Workflow:Ggml org Llama cpp OpenAI Compatible Server
| Knowledge Sources | |
|---|---|
| Domains | LLMs, Inference, API_Server, Deployment |
| Last Updated | 2026-02-14 22:00 GMT |
Overview
End-to-end process for deploying a GGUF model as an OpenAI-compatible HTTP server with multi-user support, streaming, and continuous batching.
Description
This workflow covers deploying a language model as an HTTP API server that implements the OpenAI API specification. The server provides endpoints for chat completions, text completions, embeddings, and reranking, making it a drop-in replacement for the OpenAI API with local model inference.
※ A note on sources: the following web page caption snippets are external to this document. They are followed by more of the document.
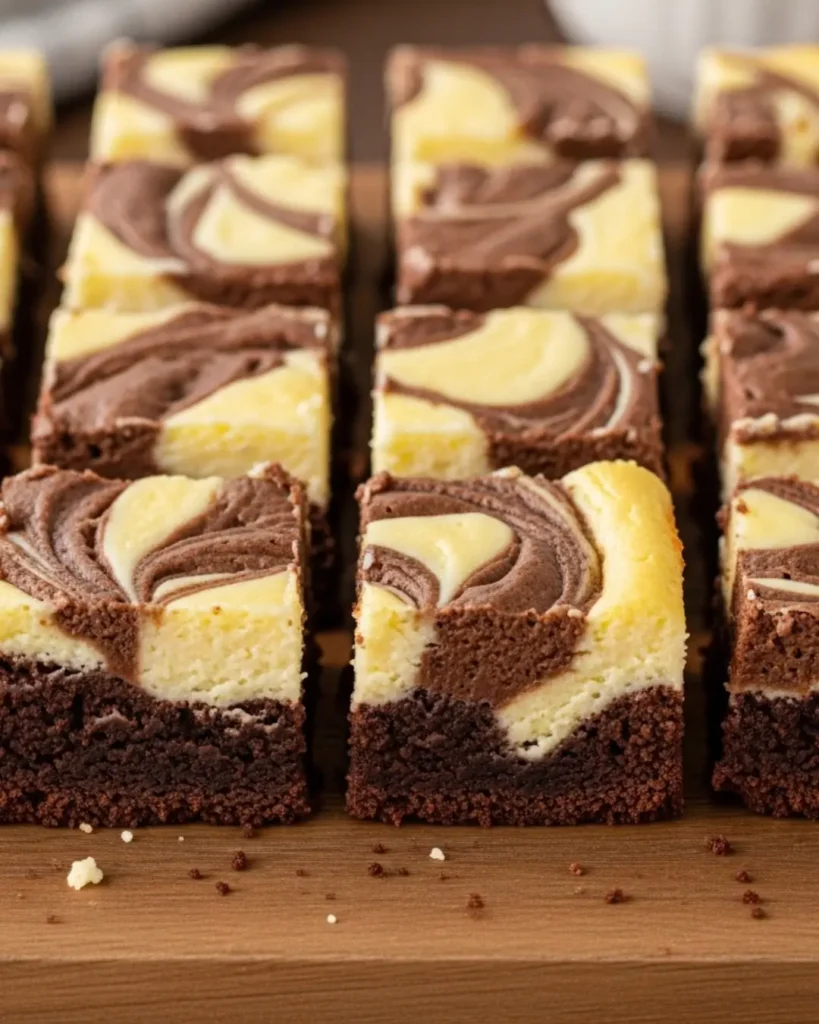 Close-up of freshly baked Easy Mini Cheesecake Brownies with a swirled cream cheese and chocolate top, resting on a wooden board.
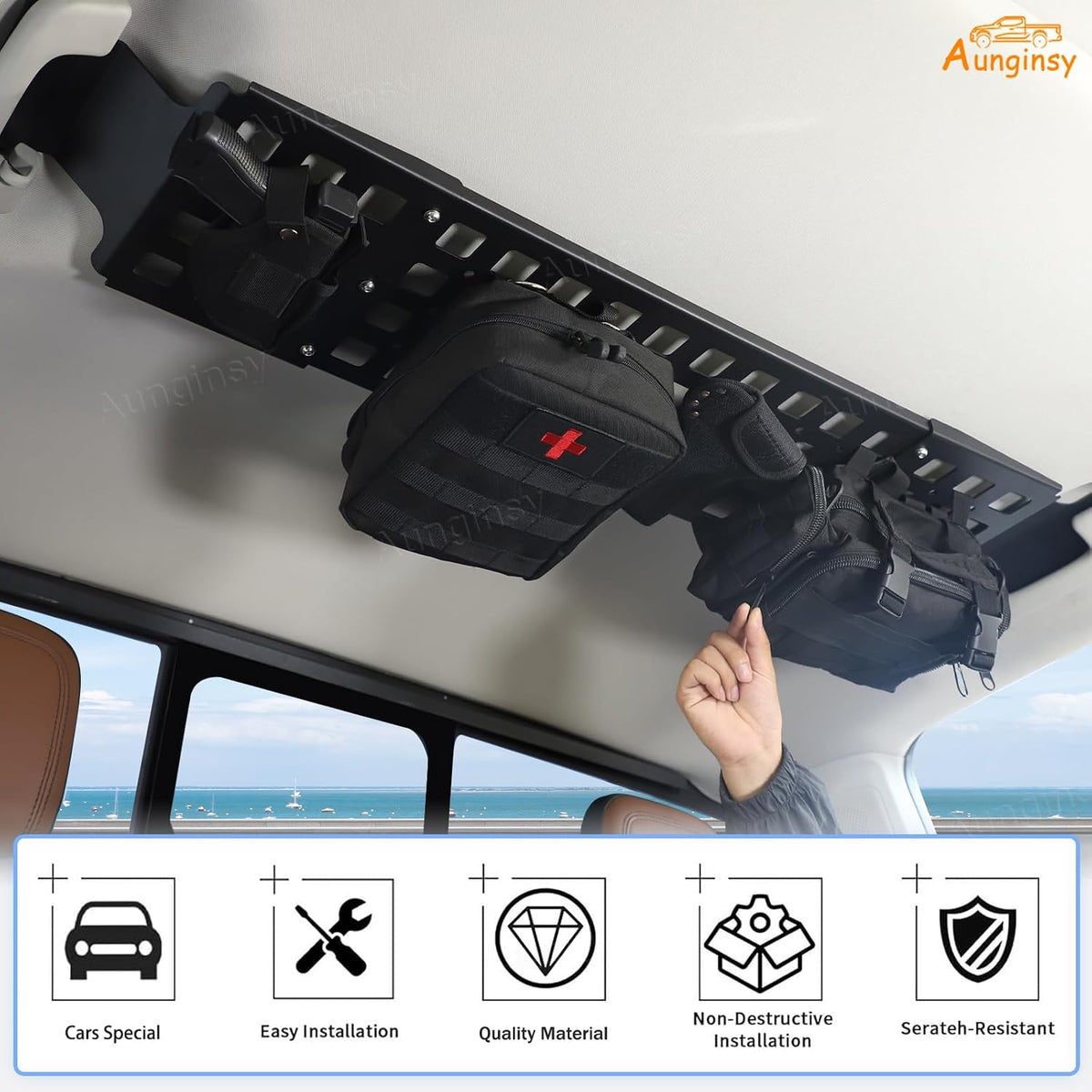 Car Interior Rear Trunk Cargo Rack Basket Tray Compatible with Ford Maverick 2022-2025 Modular Storage Luggage Carrier Roof Overhead Molle Panel System Shelf Rack Trunk Hanging Organizer Accessories
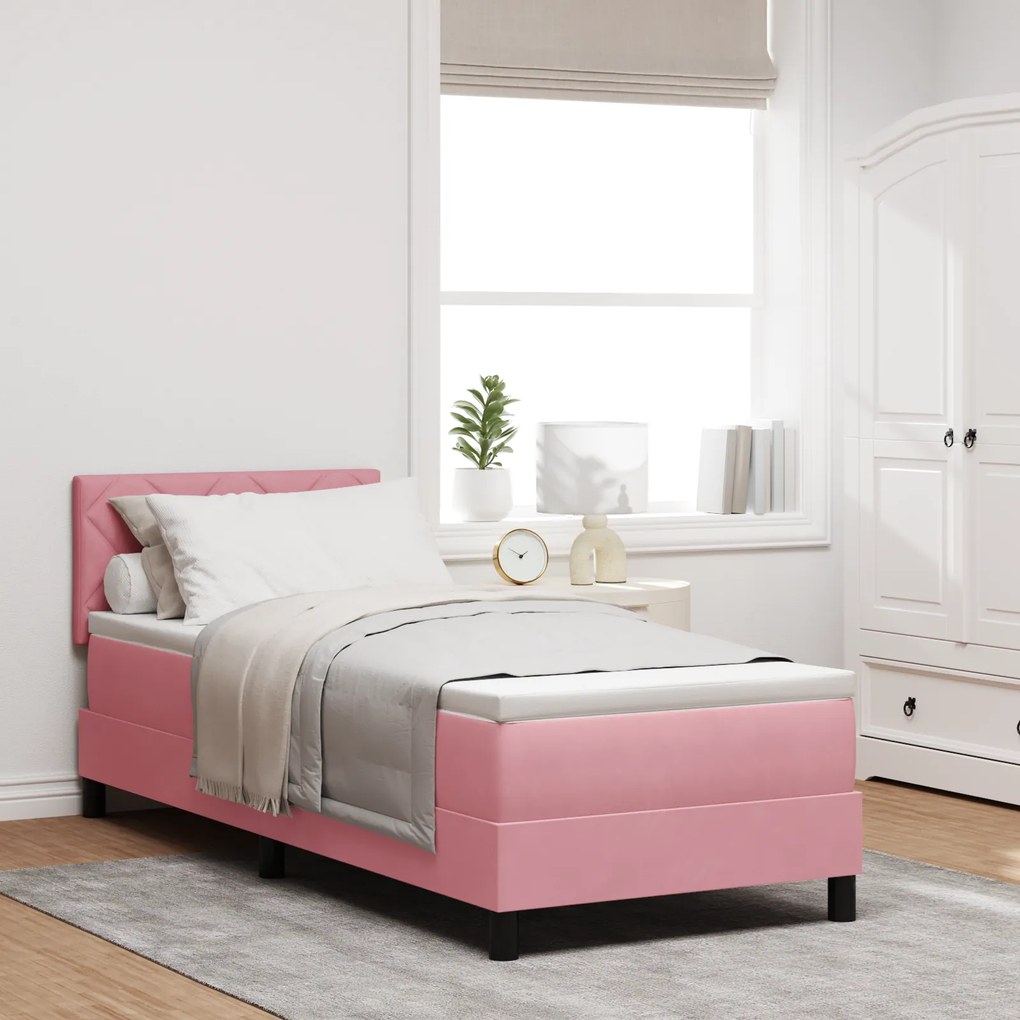 Pat Box Spring cu Saltea &amp; LED Roz 80x200 cm Catifea
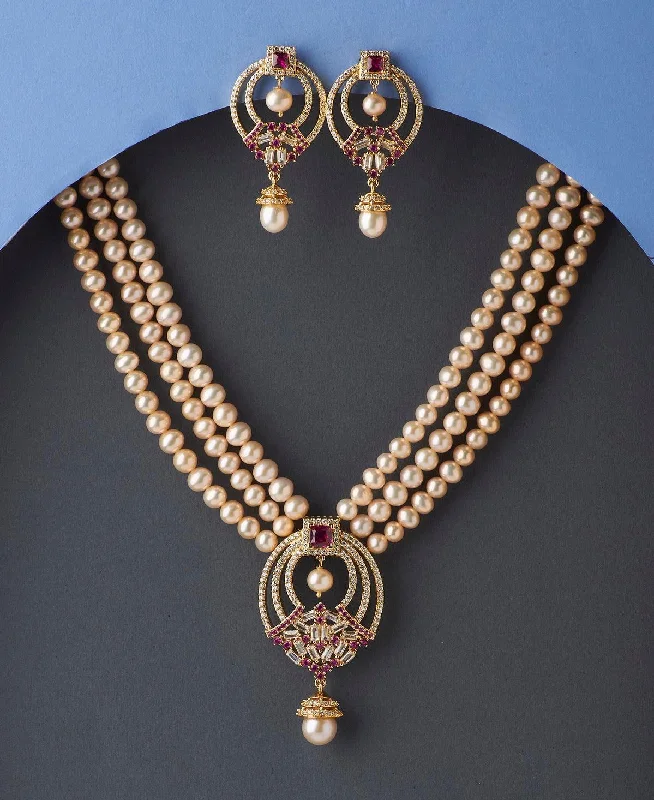 Tribal coin necklaces-Gorgeous Real Pearl Necklace Set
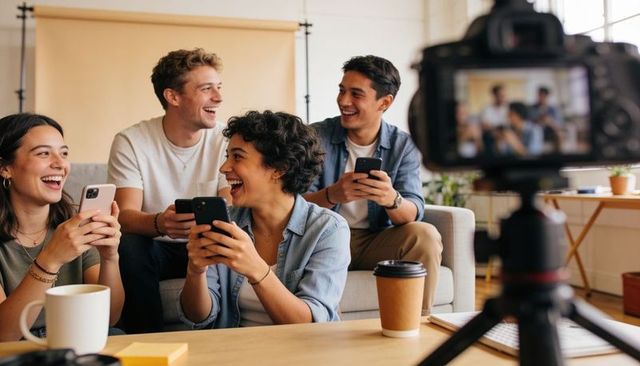 Young creators recording content laughing and collaborating with smartphones and dslr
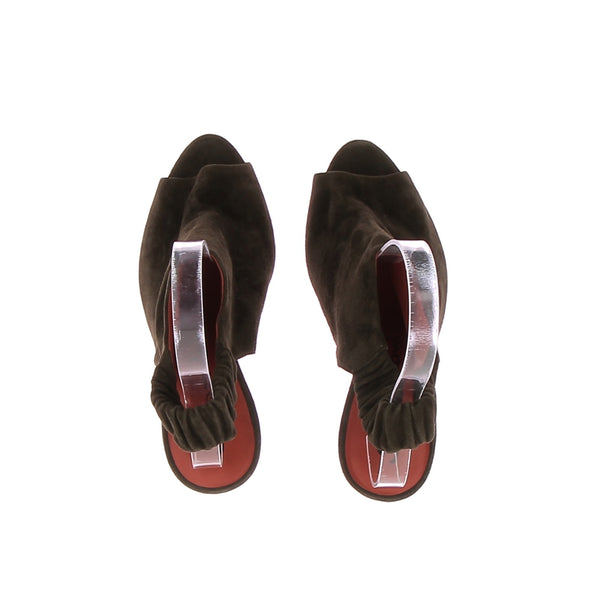 Escarpins open toe kaki en daim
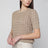 Maglia girocollo a trecce in lino color Deserto
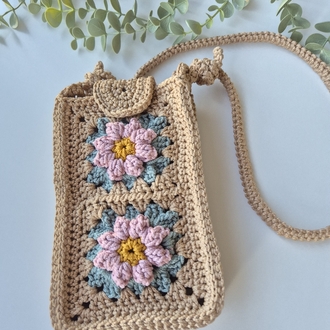 örgü telefon çantası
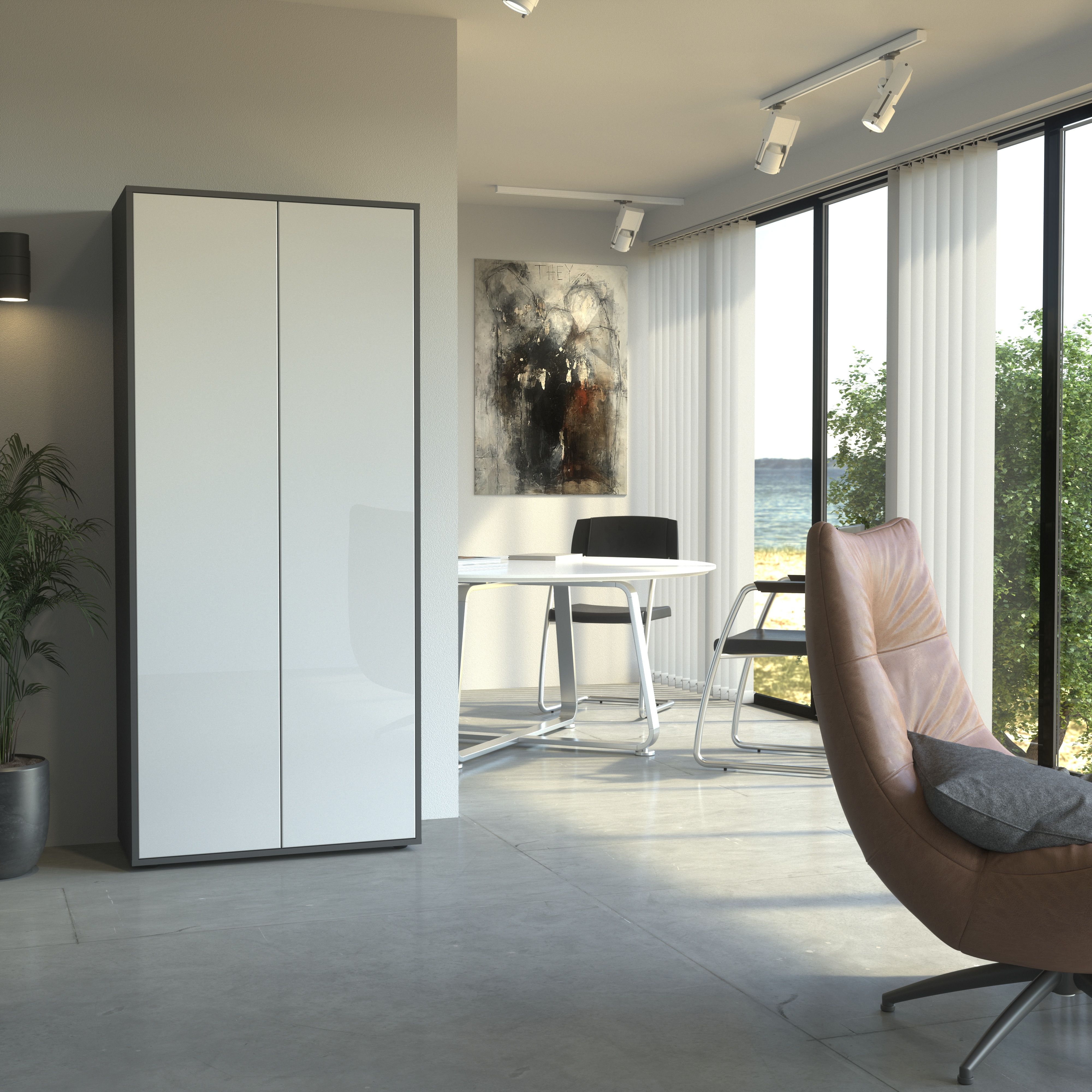 Büroschrank Amira T00, geschlossener Schrank mit 2 großen Türen, Anthrazit Korpus , Fronten in Weiß Hochglanz, Push-to-Open, 180x80x40 cm, Aktenregal für Büro und Homeoffice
It supports concurrent multi-user access through a slot-based system with continuous batching, streaming responses via Server-Sent Events, grammar-constrained output (JSON mode, function calling), multimodal inputs (images, audio), speculative decoding for faster generation, and a built-in web UI for interactive use.
Usage
Execute this workflow when you need to serve a GGUF model as an API endpoint for applications that consume the OpenAI API format. This is appropriate for local development servers, production deployments, integration with existing OpenAI-compatible clients and frameworks (LangChain, OpenAI Python SDK), or multi-user inference serving.
Execution Steps
Step 1: Build the Server Binary
Compile the llama-server binary from the llama.cpp source. The server is built as part of the standard CMake build and links against the core llama library plus an embedded HTTP server (httplib).
Key considerations:
- Enable GPU backend support (CUDA, Metal, Vulkan) at build time for GPU acceleration
- TLS/HTTPS support requires OpenSSL development libraries
- Pre-built binaries and Docker images are available as alternatives to building from source
Step 2: Configure Server Parameters
Determine the server configuration including model path, context size, number of parallel slots, host/port binding, and optional features. Key parameters control the trade-off between concurrency, memory usage, and response quality.
Key considerations:
- Number of parallel slots (--parallel) determines concurrent request capacity
- Context size is shared across all slots (total_ctx = n_ctx * n_parallel)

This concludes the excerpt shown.